Com a interrupção abrupta da temporada, em virtude do surto pandémico de Covid-19 que assola o nosso país, mais de uma centena de profissionais do toureio, entre cavaleiros, matadores, bandarilheiros e moços de espadas encontram-se inactivos, o que obviamente afecta grandemente o seu rendimento, uma vez que muitos deles vivem exclusivamente da sua actividade sazonal.

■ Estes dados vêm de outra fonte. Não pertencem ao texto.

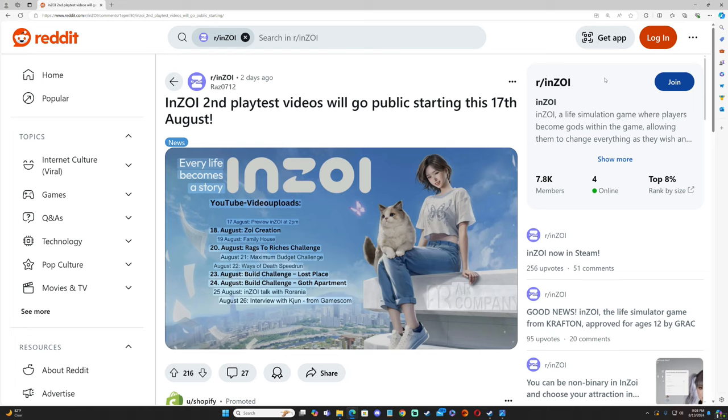Good news is the second playtest videos will go public starting the 17th. So if you're interested in seeing more Inzoi gameplay, you can check out more videos that will be releasing this weekend.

Contactado pelo TouroeOuro, Nuno Pardal, Presidente da Associação Nacional de Toureiros, mostrou-se bastante preocupado com a actual situação, que afecta a larga maioria dos seus associados, “neste momento os toureiros estão relativamente calmos e tranquilos, mas obviamente bastante preocupados com a actual situação”, salientando que, “embora esta seja ainda uma fase inicial da temporada, a verdade é que já se estão a colocar em risco as primeiras corridas do mês de Junho, facto que pode afectar ainda mais os toureiros, cujas suas despesas diárias não diminuíram”.

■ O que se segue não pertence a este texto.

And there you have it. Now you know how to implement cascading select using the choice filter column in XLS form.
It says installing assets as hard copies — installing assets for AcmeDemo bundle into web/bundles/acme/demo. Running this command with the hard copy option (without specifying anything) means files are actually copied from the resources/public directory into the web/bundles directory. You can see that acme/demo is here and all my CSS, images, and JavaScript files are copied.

Questionado se a Associação ou o Fundo de Assistência dos Toureiros tem algum plano que permita ajudar os toureiros nesta fase difícil e excepcional, Nuno Pardal declara que, “essa situação é algo que não está previsto no nosso regulamento, e para o alterarmos teríamos que efectuar uma Assembleia Geral, algo que era impossível de realizar agora”, salientando que ainda assim, “estamos atentos e a falar diariamente com os toureiros”, aos quais foram já dando indicações, “sobre como podemos e devemos proceder junto do Ministério da Cultura, que nos tutela, sobre os apoios que existem para a cultura”, bem como o Ministério da Agricultura, “uma vez que muitos deles são possuidores de cavalos, que de algum modo podem estar inseridos nas raças apoiadas pelo Ministério da Agricultura”.

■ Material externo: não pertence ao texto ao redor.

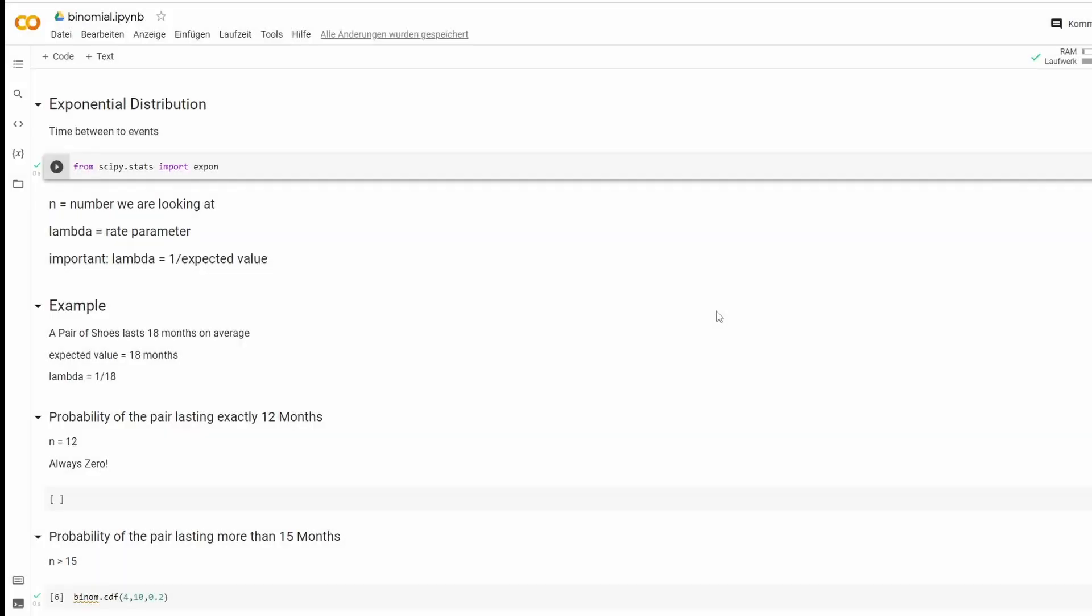Let's have a look at exponential distributions, which tells us the time between two events or how likely it is that the time between two events is a given number.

Ainda assim Nuno Pardal deixa um alerta para que quando se possam começar a dar corridas de touros, “elas venham a ocorrer com a maior normalidade, evitando que os empresários sobreponham, o que poderia não ser benéfico para a tauromaquia em geral”.

Abordado se as corridas pudessem regressar, ainda que sem público e transmitidas num sistema de pay per view, ou seja, os aficionados poderia pagar para ver a corrida em casa, através da internet, Nuno Pardal não se demonstra contrário, realçando que todas as despesas da corrida deveriam estar asseguradas.

Sobre o futuro Nuno Pardal quer ser um optimista e realista, “estamos obviamente preocupados, mas também esperançados que a situação possa correr pelo melhor, mas todos devemos cumprir as indicações das autoridades de saúde, evitando ao mínimo as nossas saídas, de modo a podermos controlar a pandemia que nos tem assolado”, acrescentando ainda que, “tem sido essa também a indicação que temos dado aos toureiros, que devem também dar o exemplo e aproveitar esta altura para estar em casa, em família, protegendo-se a si e aos seus.